There is a neat and perhaps not entirely helpful gender divide between the four books I read this month. The two memoirs, both by women, are about the authors’ mothers; the two books by men are about wars; basketball; sonic booms; wild, unsettled territory. In a desperate attempt to curry favor with women readers, however, I will try not to ghettoize the memoirs. If I follow through thematically, I would be effectively saying, Right, we’re done with the mother-daughter memoirs. Let’s get on with the big stuff. Whereas actually the big stuff is always at home, right? That’s where lives are shaped and shaken.

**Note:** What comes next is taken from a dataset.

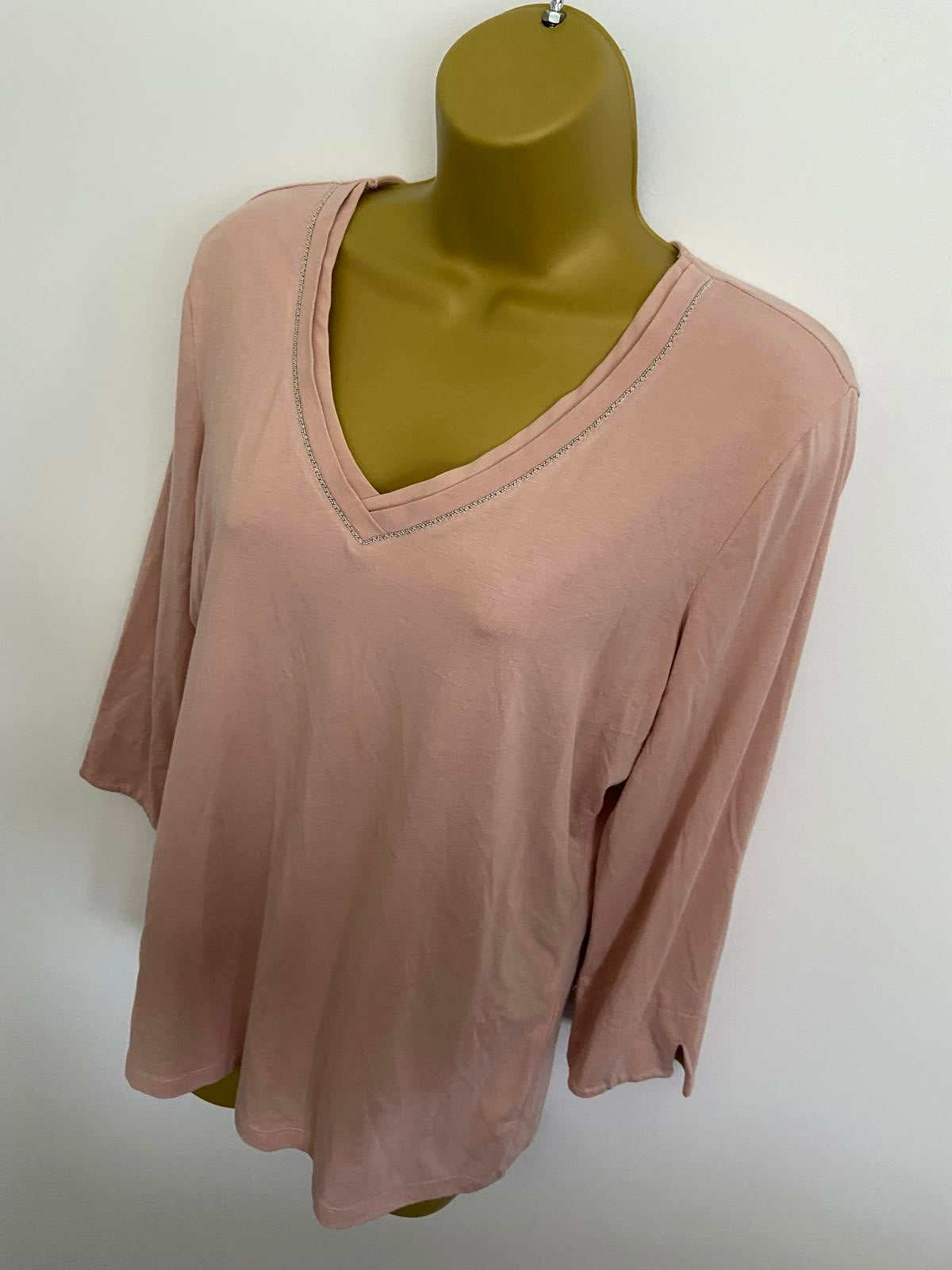 Gerry Weber Size 10 Dusky Pink 3/4 Sleeve V-Neck Top Silver Trim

Oh, don’t worry. I know I’m not woke. But I like to think I’ve set my alarm clock, at least.

Boom Town was another tip, by another recommender. He’s a good one, too, but he hasn’t been at it as long as the original recommender, and I don’t get the same sense that he’s lying in wait, rejecting book after book until he gets a clear shot. The other guy is batting three for three, though, so he needs watching. Sam Anderson’s book is about, of all things, the history of Oklahoma City, and it’s a joy: funny, eccentric, brilliantly written, full of endlessly interesting anecdotes that you want to read out to friends. He describes the place as “one of the great weirdo cities of the world, as strange, in its own way, as Venice or Dubai or Versailles or Pyongyang.”

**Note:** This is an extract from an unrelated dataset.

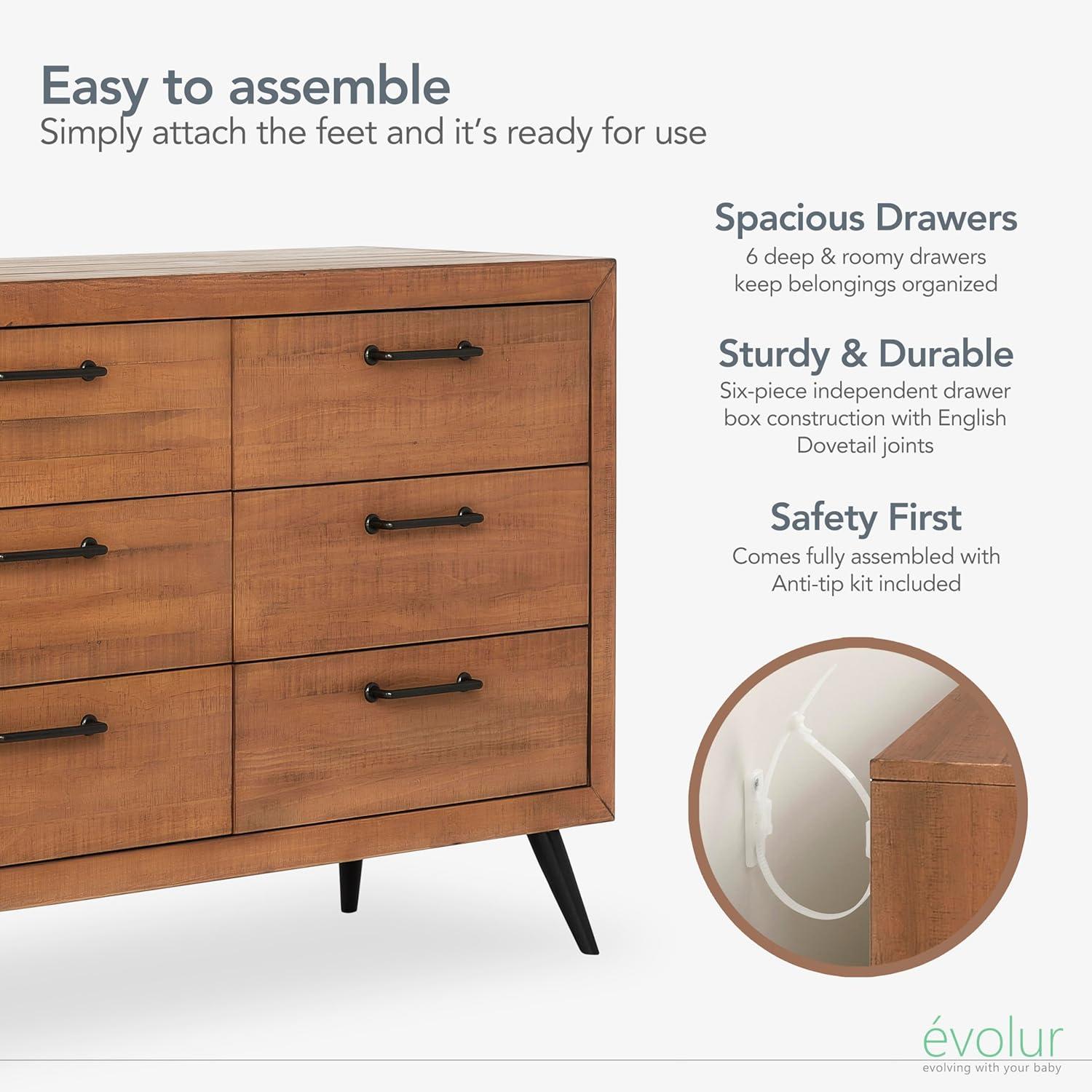 Stilnovo Solid Wood 18'' W 6 - Drawer Dresser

Oklahoma City was born on April 22, 1889. Like, literally. April 22 was not the day when someone decided that a town was a city, nor was it the day when something happened that defined the city. It was not born in some metaphorical way. At noon on that day, nobody lived there. By the late afternoon, it was home to tens of thousands of people. Previously unassigned land, it was made available to all-comers by a symbolic gunshot. The all-comers had gathered at the nearest points they could, and after the shot they rode like hell to stake out their land. At 2 p.m. the first train arrived. By the next morning, there was really no space left to claim. In fact, there was no room for streets, parks, alleys, or squares, so some of these settlers had to be unsettled, much to their chagrin.

Anderson’s book spans only one year in the life of Oklahoma City, but the structure enables him to tell every story worth telling about the place and its heroes: Clara Luper, a badass civil rights activist; Wayne Coyne of the Flaming Lips; basketball player James Harden; meteorologist extraordinaire Gary England, the first weatherman to think properly about tornadoes.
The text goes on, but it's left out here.